Despite widespread concerns over potential price-fixing and other antitrust issues, controversial travel Web site Orbitz.com received its first U.S. goverment endorsement Thursday from a Department of Transportation (DOT) official.
While speaking at the U.S. Senate Commerce Committee’s hearing on Internet issues in the aviation industry, DOT Inspector General Ken Mead said the planned site “could potentially benefit consumers and airlines by providing a wider range of fare options, bias-free displays, and reduced booking fees.”
Mead added, however, that “red flags raised by competitive issues, such as airlines potentially restricting their lowest fares exclusively to Orbitz, must first be resolved.”

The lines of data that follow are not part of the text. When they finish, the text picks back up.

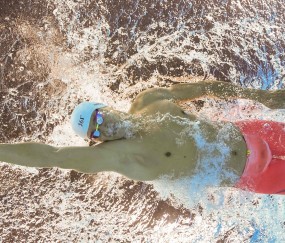 开云体育世界杯-奇才鏖战浙江队，字母哥在东决关键战接管比赛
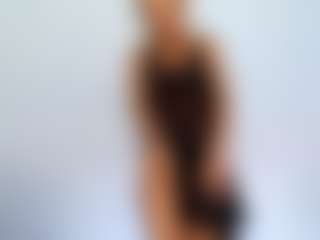 Live cam show with EvaMester - MILF Teen (18+) on Dolls Live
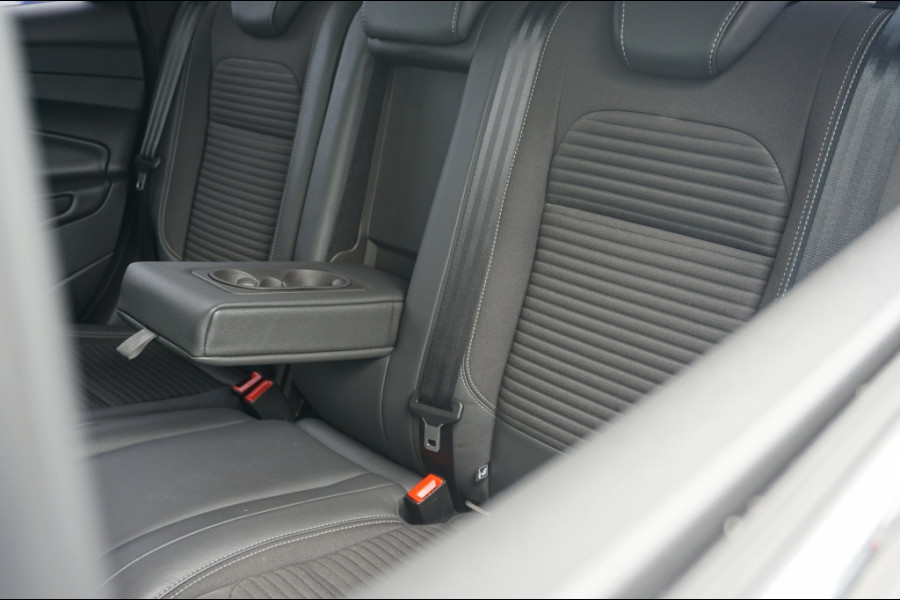 Ford Kuga 120PK Titanium TREKHAAK | CARPLAY | KEYLESS | CAMERA | ELEK.KLEP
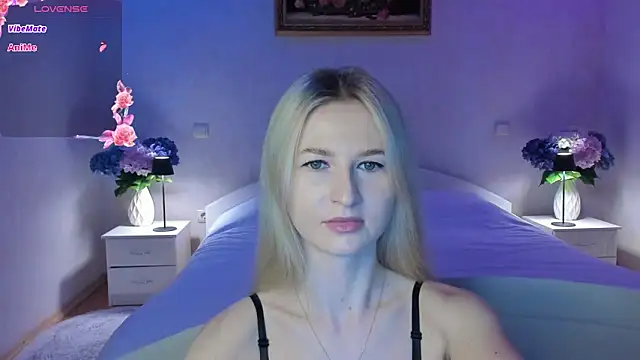 AnnaCarrera online show from March 2026 10:27:01 PM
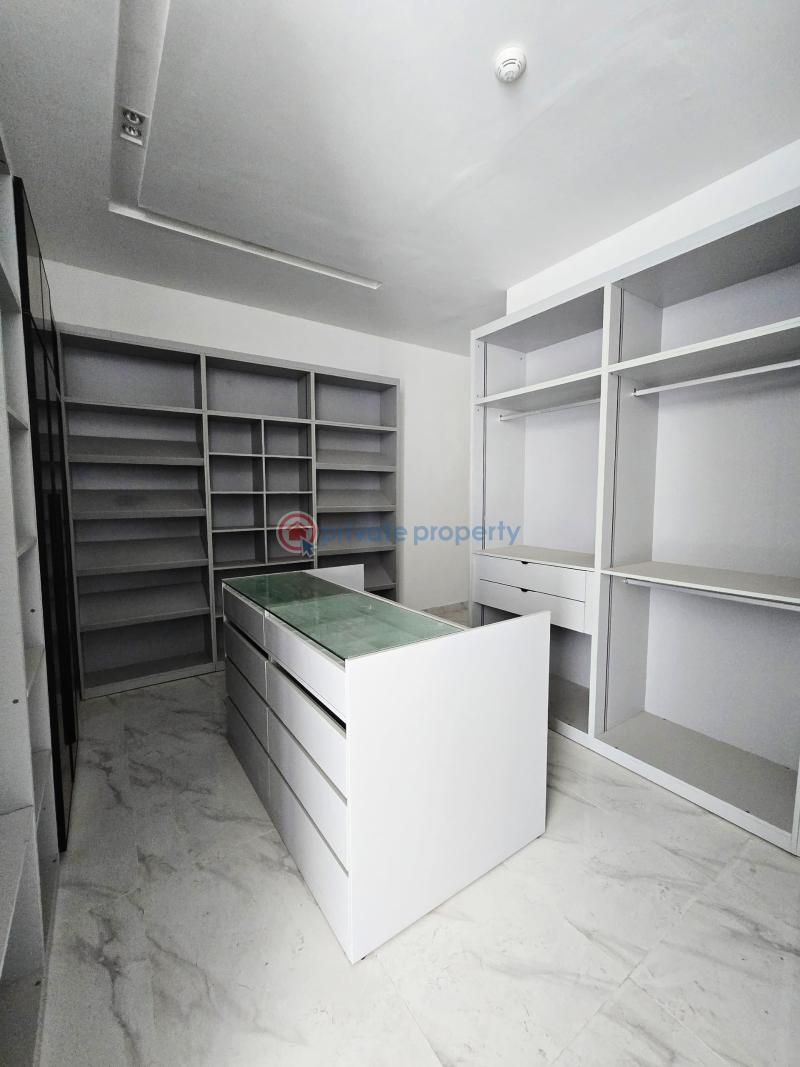 5 bedroom Detached Duplex For Sale Chevron Drive Lekki Lagos - 6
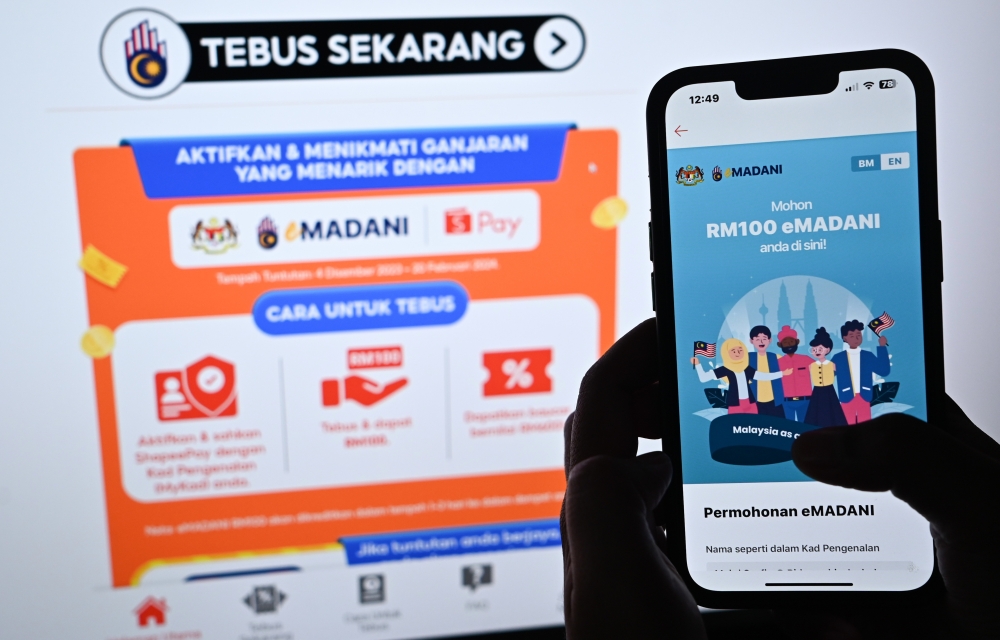 Bukit Aman Commercial Crimes Investigation Department director Datuk Seri Ramli Mohamed Yoosuf reminded the public not to simply click any link from ads or emails and to never use middlemen to register for an eWallet account. — Picture from X/Bernama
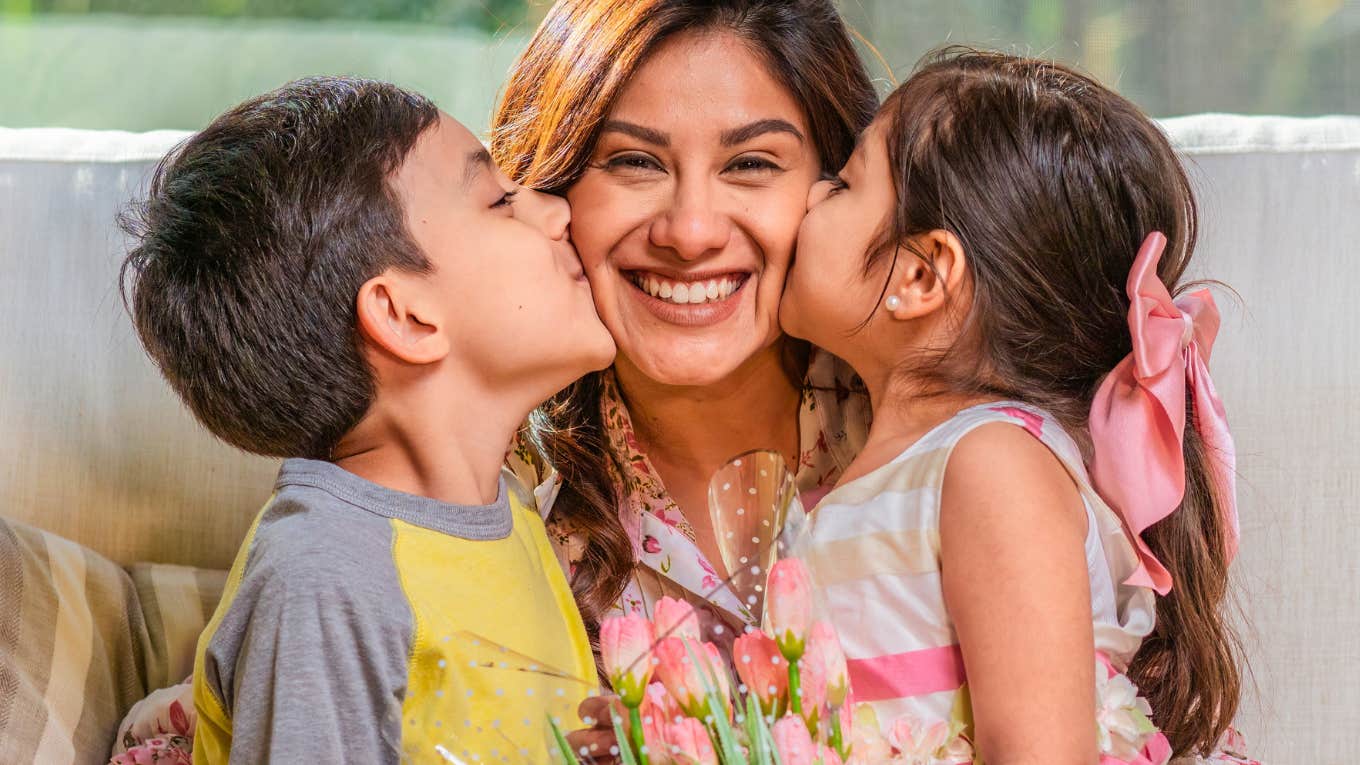 Quiet Behaviors Of A Mom Who Truly Loves Her Kids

Orbitz, which was created by a consortium of 30 airlines, is currently under fire from travel agents and is facing an investigation by the U.S. Department of Justice (DOJ).
Five of the largest airline companies in the U.S. — United, American, Delta, Continental and Northwest — led the effort, contending that Orbitz will enable them to drastically reduce Computer Reservation System (CRS) booking fees and pass along substantial savings to consumers.
Ticket to Ride
Before receiving its official name, Orbitz was known informally as “T2” or “Travelocity Terminator,” a reference to chief competitor Travelocity.com. The aggressive style drew the attention of the travel agency industry, which expressed its concerns about possible unfair competition and violations of U.S. antitrust laws.

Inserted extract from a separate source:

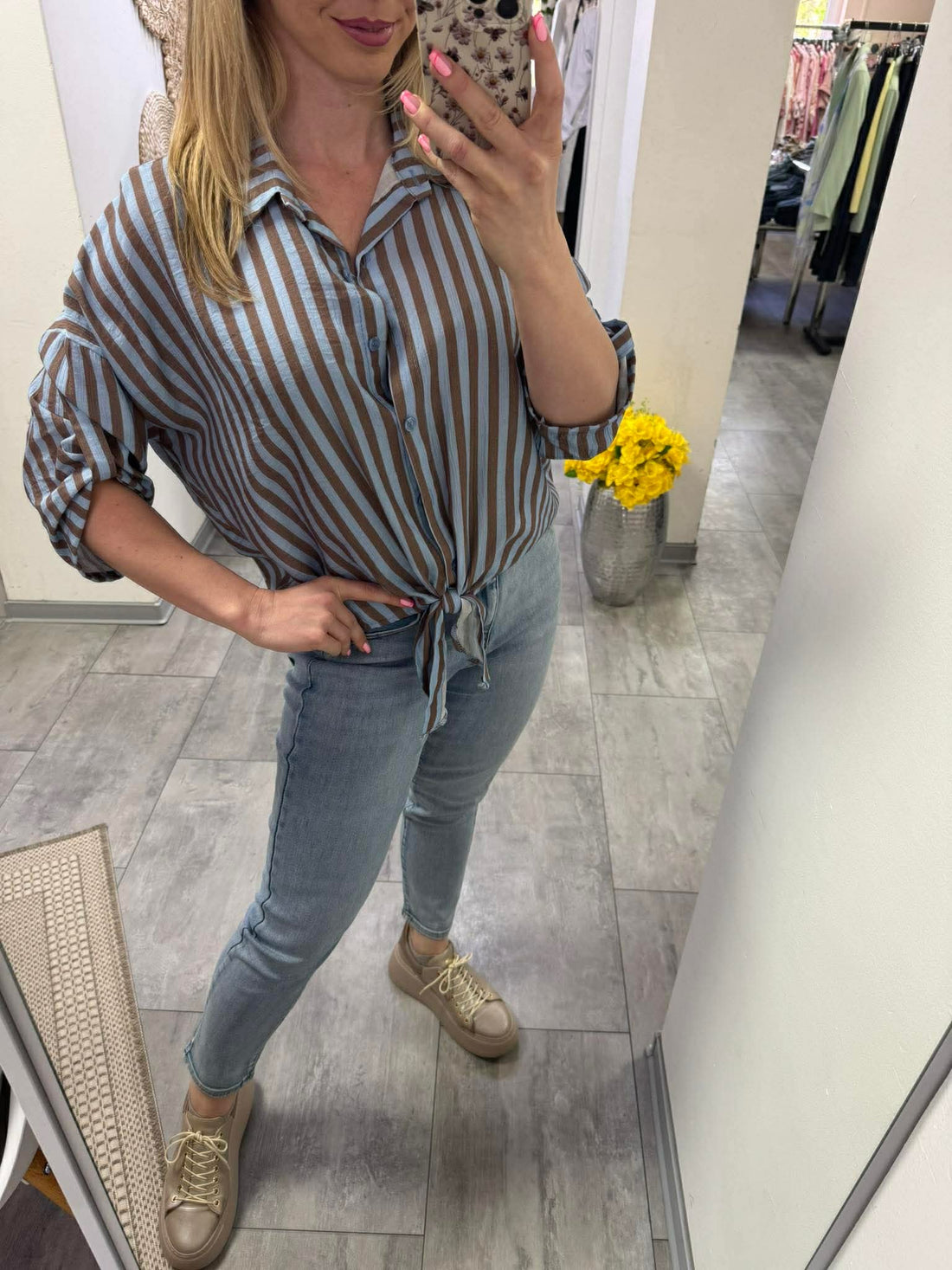 HELGA - Elől kötős laza blúz. Kék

Orbitz chairman, president and chief executive Jeffrey G. Katz was given the opportunity to respond to those allegations at the senate hearing Thursday.
“We represent new competition, using state-of-the-art technology, in a revolutionary effort to present Internet customers what they want: comprehensive and unbiased travel information. Consumers deserve to have more choice and competition than just two major players in Internet travel,” Katz told the Committee.
According to an Orbitz company statement, the airline industry is presently controlled by a “duopoly of two of the most entrenched companies in the Internet economy: Sabre/Travelocity.com and Microsoft/ Expedia.com.”
Katz told the Committee that those two Web sites hold more than 70 percent of the business of offering multiple airline schedules over the Internet.
Two Sides of a Coin
Senator John McCain, (R-Arizona) the Committee chairman, pointed to flaws in the CRS system, saying that travel agents use it to the disadvantage of their competitors by imposing excessively high fees on the airline companies.
“It would be foolish for us to ignore our past experience,” McCain said. “We need to look at the down-the-road market power of a site that may be the only outlet for the best deals that the airlines have to offer.”
Senator Ron Wyden (D-Oregon) questioned the airlines’ intentions, particularly in light of recent lukewarm ratings from DOT regarding improvement of customer service.
“I think this is part of a pattern of anti-consumer activity we’ve seen from the airlines,” Wyden said.
Hearings Cut Short
Thursday’s hearings were cut short due to a procedural issue related to a separate Senate bill, but in testimony published on the Commerce Committee’s Web site, Paul Ruden, Senior Vice President for Legal and Industry Affairs for the American Society of Travel Agents (ASTA), questioned the airline companies’ motives in establishing the new Web site.
“Why did United Airlines or one of the other founders not simply buy the software that Orbitz touts as the most significant innovation in travel since the jet engine and use it to compete against the other airlines?” Ruden asked. “Why are the airlines once again approaching the marketplace as a unit rather than as the individual competitors that the Airline Deregulation Act envisioned? Why won’t the airlines compete?”
At the Gate
ASTA filed a formal complaint with the DOJ in February, claiming that the Orbitz business model represents unfair competition and a violation of U.S. antitrust laws. The DOJ announced in May that it had launched an investigation into the mammoth Internet venture.
The Commerce Committee has scheduled additional hearings on antitrust issues in the airline industry for July 27th.